Playgrounds are a go-to for any parent toting tots, and parks that offer play features geared toward the preschool crowd are a must. And a park that entertains both young kiddos and older siblings? Good as gold. Here are 11 Seattle playgrounds that are perfect for the under-5 crowd (but still fun for older sibs). And if you’re on the Eastside, check out these 14 parks for toddlers.

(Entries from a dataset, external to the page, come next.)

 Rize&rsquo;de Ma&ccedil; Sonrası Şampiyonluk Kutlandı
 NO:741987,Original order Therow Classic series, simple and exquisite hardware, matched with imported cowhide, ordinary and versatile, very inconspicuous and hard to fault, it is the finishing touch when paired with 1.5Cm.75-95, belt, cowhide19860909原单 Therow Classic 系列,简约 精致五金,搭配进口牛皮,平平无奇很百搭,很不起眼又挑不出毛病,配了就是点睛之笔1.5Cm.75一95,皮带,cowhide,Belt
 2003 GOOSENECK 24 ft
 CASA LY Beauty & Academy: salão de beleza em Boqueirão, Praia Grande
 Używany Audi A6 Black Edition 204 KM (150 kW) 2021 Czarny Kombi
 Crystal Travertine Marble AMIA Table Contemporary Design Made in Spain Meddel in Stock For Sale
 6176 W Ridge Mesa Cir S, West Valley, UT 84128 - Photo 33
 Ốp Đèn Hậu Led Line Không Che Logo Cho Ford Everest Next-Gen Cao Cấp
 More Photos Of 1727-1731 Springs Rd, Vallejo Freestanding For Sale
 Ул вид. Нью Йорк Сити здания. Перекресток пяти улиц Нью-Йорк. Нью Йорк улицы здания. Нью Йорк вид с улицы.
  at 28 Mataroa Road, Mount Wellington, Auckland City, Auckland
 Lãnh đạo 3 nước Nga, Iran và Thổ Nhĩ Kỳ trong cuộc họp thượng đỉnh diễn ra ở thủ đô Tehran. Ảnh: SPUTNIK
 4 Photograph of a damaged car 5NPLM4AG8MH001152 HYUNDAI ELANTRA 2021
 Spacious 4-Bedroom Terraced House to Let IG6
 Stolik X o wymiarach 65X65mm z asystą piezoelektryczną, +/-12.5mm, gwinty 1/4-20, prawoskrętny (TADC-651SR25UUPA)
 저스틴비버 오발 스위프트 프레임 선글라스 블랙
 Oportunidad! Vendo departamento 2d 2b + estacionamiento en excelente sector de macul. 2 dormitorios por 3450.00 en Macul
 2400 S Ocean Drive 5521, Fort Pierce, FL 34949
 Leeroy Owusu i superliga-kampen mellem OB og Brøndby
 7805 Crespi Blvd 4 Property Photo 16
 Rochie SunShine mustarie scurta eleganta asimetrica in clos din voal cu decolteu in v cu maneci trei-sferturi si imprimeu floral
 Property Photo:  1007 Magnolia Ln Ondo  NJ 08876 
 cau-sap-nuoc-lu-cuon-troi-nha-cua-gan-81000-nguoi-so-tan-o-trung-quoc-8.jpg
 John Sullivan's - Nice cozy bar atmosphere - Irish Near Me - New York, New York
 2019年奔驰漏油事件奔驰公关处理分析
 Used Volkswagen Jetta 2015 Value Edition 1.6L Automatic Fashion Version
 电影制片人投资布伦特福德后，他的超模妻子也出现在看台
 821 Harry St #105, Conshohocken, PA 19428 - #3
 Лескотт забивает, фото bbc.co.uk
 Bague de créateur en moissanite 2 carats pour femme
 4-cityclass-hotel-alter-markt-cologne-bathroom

This Seattle playground packs a lot into a smaller space. Younger kids will appreciate a turf surface under a tot structure that is anything but boring. Older siblings can scale dual ladders to the top of a tower before sliding back down to enjoy a fun rope climber and challenging monkey bars. Enjoy a playdate snack on the smaller picnic tables or shoot hoops at the adjacent basketball court.
Restrooms: Located in the Loyal Heights Community Center.
Snacks: Pick up a delicious Caribbean bowl or sandwiches for lunch at Un Bien (their roast pork is positively succulent), then pop into Frankie and Jo’s for vegan ice cream and gluten-free waffle cones (your meat and potatoes grandpa won’t know what hit him).
7554 22nd Ave. NW
Headed to the Woodland Park Zoo? Take your post-visit picnic to the park and get out any last wiggles before the drive home. This expansive space features a sandbox, two sets of swings, challenging rope climbers and a large tot structure. My kids always seem to gravitate toward the spiral maze (which is also wheelchair-friendly) for a view from the top.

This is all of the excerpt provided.